I'd look on ebay for diffusers and safety valves in the 50-75 psi range. But, to be honest, If you're going the DIY route, go as cheap as possible. Although it was fun making this I would have rather saved up $100 and bought a paintball tank and a regulator with solenoid. But for just starting out, here's the cheapest way possible. Look for a drill bit smaller than 1/4 inch, get a 2 liter coke bottle and drill a hole in the cap slightly smaller than your tubing. Now, cut your tubing so that it makes a nice point and slide it through your cap. Pull it through the cap using some pliers. You want it to be sort of difficult because that makes a nice airtight seal. Run the tubing to a  Diffuser like this one. I like this one because it's plastic and won't break(I've broken every glass diffuser I've owned), it's only $13, comes with a checkvalve and bubble counter all in one. I think that's the best way to run DIY CO2 until you can save up some money and get a pressurized system.


----------



## BlueJack (Apr 15, 2011)

Update on some results I've had with this setup so far.

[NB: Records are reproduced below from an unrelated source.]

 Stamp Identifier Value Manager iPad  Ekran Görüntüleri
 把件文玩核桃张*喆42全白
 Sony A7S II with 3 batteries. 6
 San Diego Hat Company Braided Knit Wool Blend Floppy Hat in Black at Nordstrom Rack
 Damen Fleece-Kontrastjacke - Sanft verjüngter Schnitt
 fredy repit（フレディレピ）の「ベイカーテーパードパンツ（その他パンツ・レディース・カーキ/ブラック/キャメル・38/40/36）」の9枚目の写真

I think I've found the perfect recipe. Right now I run the CO2 for 8 hrs a day(when lights are on), and close the ball valve for 16 hrs. Recipe: 1/2 tsp wine yeast, 1 tsp baking soda, 2 cups of sugar, lasted ~5-1/2 weeks @ 2bps. I've used this recipe twice now with the same results. 5-1/2 weeks is a looonng time for diy co2. 

Another thing I've been wondering about is just how necessary my safety valves is. It's set at 60psi and has *never* gone off. This leads me to believe the pressure never gets that high overnight. Maybe that elaborate setup is really not necessary then.

A cheaper solution would be to use 1 bottle for fermenting yeast & 1 bottle for storing CO2 overnight. To turn on/off the CO2 you could just use two needle valves linked in parallel. One needle valve for turning on/off the flow, and one that is set for how ever many bubbles per second you want. (that's how mine is setup now, I just open the ball valve and my needle valve is set for 2bps.) 

That's a pretty cheap way (~$6) to be able to turn on/off DIY CO2 and regulate the amount of BPS coming out.


----------